Question 25 - Etcd Backup and Restore

Question 25 | Etcd Snapshot Save and Restore

Use context: kubectl config use-context k8s-c3-CCC

Make a backup of etcd running on cluster3-controlplane1 and save it on the controlplane node at /tmp/etcd-backup.db.

Then create any kind of Pod in the cluster.

Finally restore the backup, confirm the cluster is still working and that the created Pod is no longer with us.

To backup etcd we'll use the etcdctl command inside the control-plane. We need to connect etcdctl by passing the certificate, endpoint and key.

kubectl config use-context k8s-c3-CCC
ssh cluster3-controlplane1

# To get etcd information, we can check the etcd manifest or the api-server manifest that communicates with etcd.

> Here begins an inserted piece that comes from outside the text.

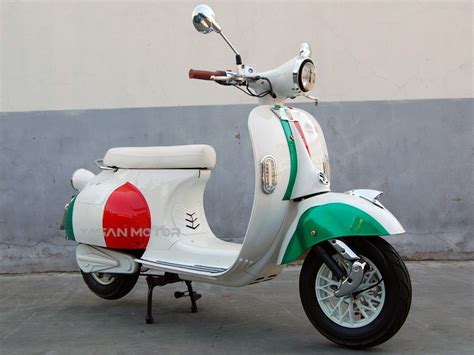 Chinese 72v 20ah Vintage Vespa Electric Scooter For Adults With 2000w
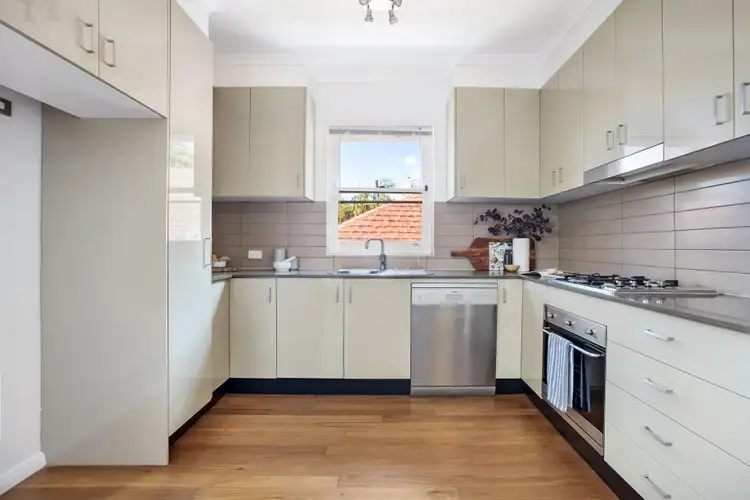 Third view of Homely apartment listing, 6/1 Mulwarree Avenue, Randwick NSW 2031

root@cluster3-controlplane1:~# cat /etc/kubernetes/manifests/etcd.yaml | grep -e "- --"
    - --advertise-client-urls=https://192.168.100.31:2379
    - --cert-file=/etc/kubernetes/pki/etcd/server.crt                           # use
    - --client-cert-auth=true
    - --data-dir=/var/lib/etcd
    - --initial-advertise-peer-urls=https://192.168.100.31:2380
    - --initial-cluster=cluster3-controlplane1=https://192.168.100.31:2380
    - --key-file=/etc/kubernetes/pki/etcd/server.key                            # use
    - --listen-client-urls=https://127.0.0.1:2379,https://192.168.100.31:2379  # use
    - --listen-metrics-urls=http://127.0.0.1:2381
    - --listen-peer-urls=https://192.168.100.31:2380
    - --name=cluster3-controlplane1
    - --peer-cert-file=/etc/kubernetes/pki/etcd/peer.crt
    - --peer-client-cert-auth=true
    - --peer-key-file=/etc/kubernetes/pki/etcd/peer.key
    - --peer-trusted-ca-file=/etc/kubernetes/pki/etcd/ca.crt                    # use
    - --snapshot-count=10000
    - --trusted-ca-file=/etc/kubernetes/pki/etcd/ca.crt

root@cluster3-controlplane1:~# cat /etc/kubernetes/manifests/kube-apiserver.yaml | grep etcd
    - --etcd-cafile=/etc/kubernetes/pki/etcd/ca.crt
    - --etcd-certfile=/etc/kubernetes/pki/apiserver-etcd-client.crt
    - --etcd-keyfile=/etc/kubernetes/pki/apiserver-etcd-client.key
    - --etcd-servers=https://127.0.0.1:2379

# Now we run the command to save the snapshot in etcd. etcdctl should already be installed on the machine as we can't access outside to go to github and install etcd. If it's not there they need to provide installation instructions.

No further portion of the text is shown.